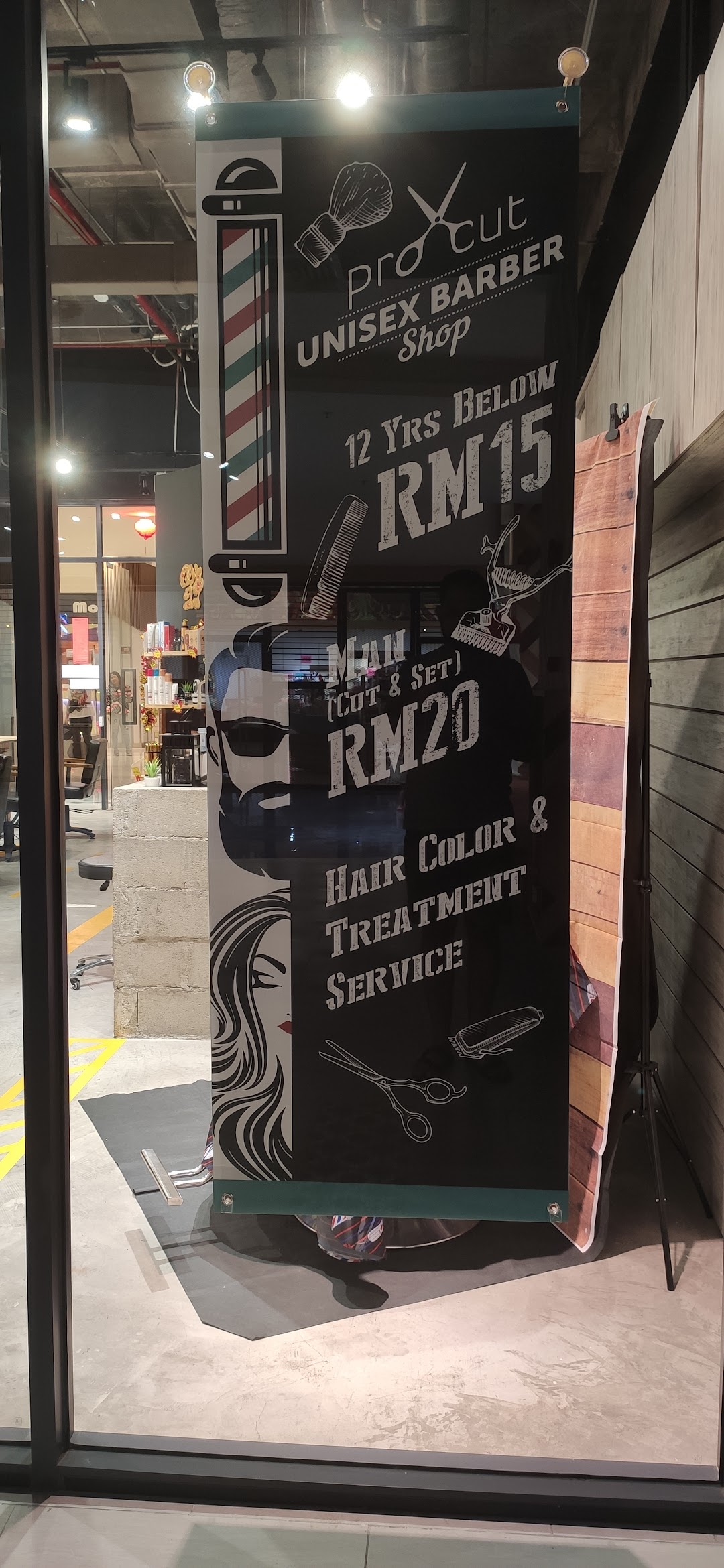 Procut Zone Barber Shop MesaMall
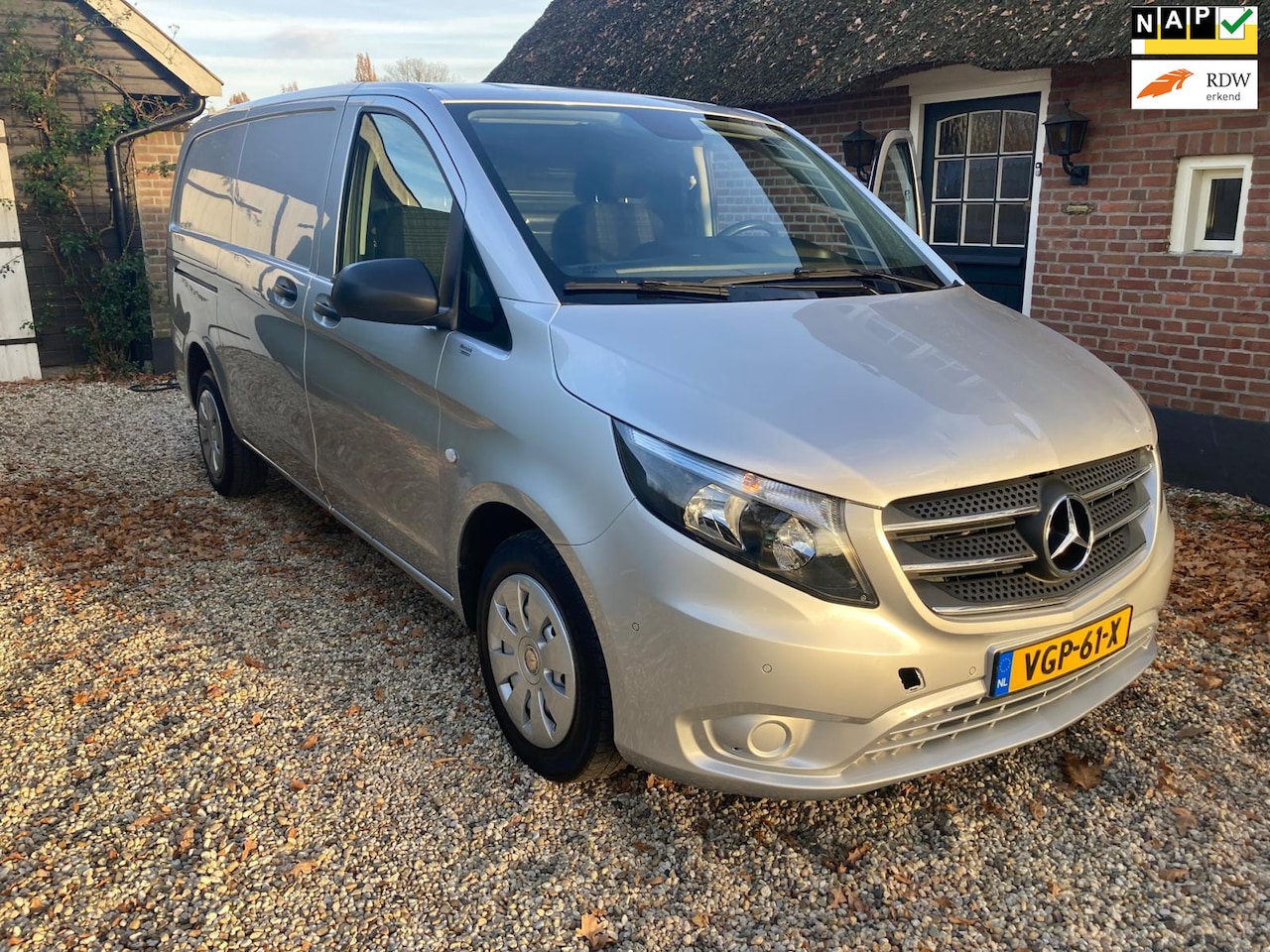 Mercedes-Benz Vito - 111 CDI Lang 111 CDI Lang, Euro 6, Navigatie, PDC - AutoWereld.nl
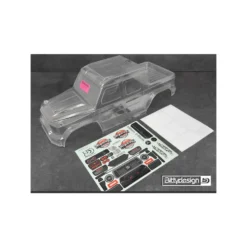 Bittydesign Karosserie-Satz W464 (WB: 313mm) Scale Crawlers 1:10 (unlackiert)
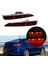 Hyundai Accent 2017-2019 Için 4x LED Arka Tampon Reflektör Fren Sis Lambası Lamba Göstergesi Işıklar Arka Lambalar (Yurt Dışından) 3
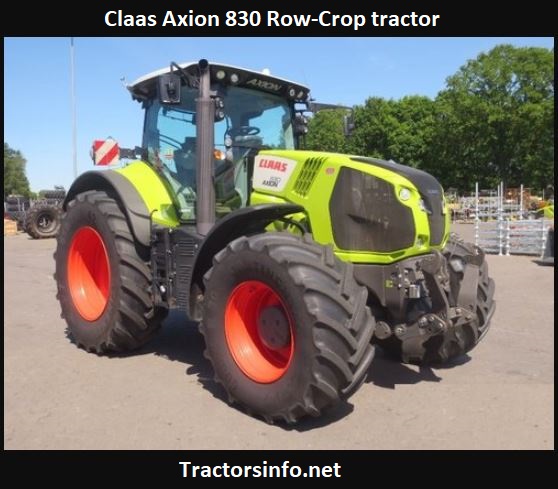 Claas Axion 830 Row-Crop Tractor Price, Specs, Review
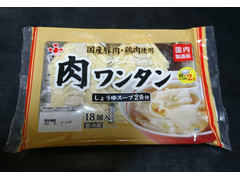 ふじや つるんとなめらか 肉ワンタン 商品写真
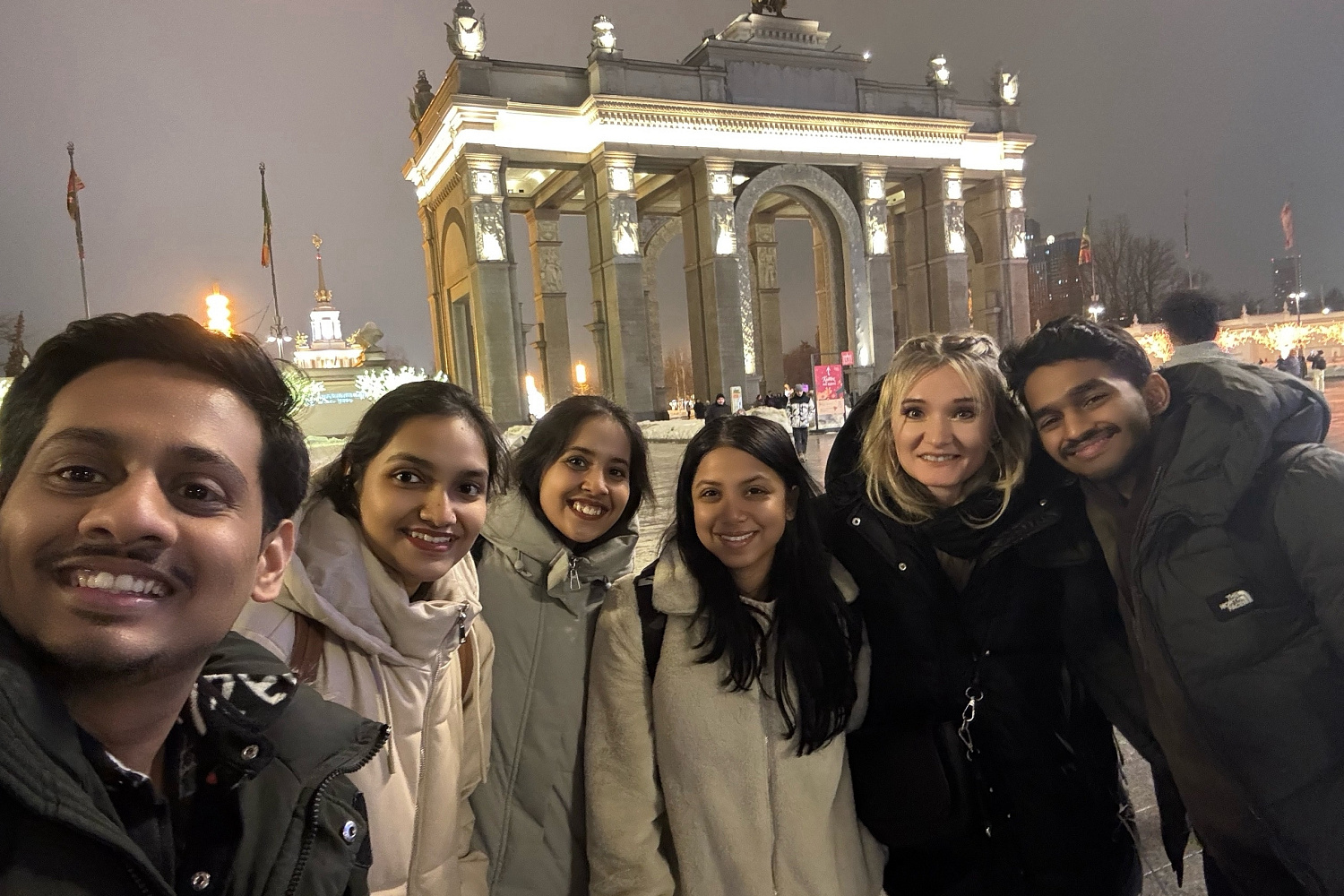 International students from the Derzhavin University performed at the Indian Dance Fest International Competition in Moscow.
•••
■ What you are asked to do
Excluding all pictures, output exactly the lines from the line containing "Bittydesign Karosserie-Satz W464" through the last line of the entries above.

■ Result
 Bittydesign Karosserie-Satz W464 (WB: 313mm) Scale Crawlers 1:10 (unlackiert)
 Hyundai Accent 2017-2019 Için 4x LED Arka Tampon Reflektör Fren Sis Lambası Lamba Göstergesi Işıklar Arka Lambalar (Yurt Dışından) 3
 Claas Axion 830 Row-Crop Tractor Price, Specs, Review
 ふじや つるんとなめらか 肉ワンタン 商品写真
 International students from the Derzhavin University performed at the Indian Dance Fest International Competition in Moscow.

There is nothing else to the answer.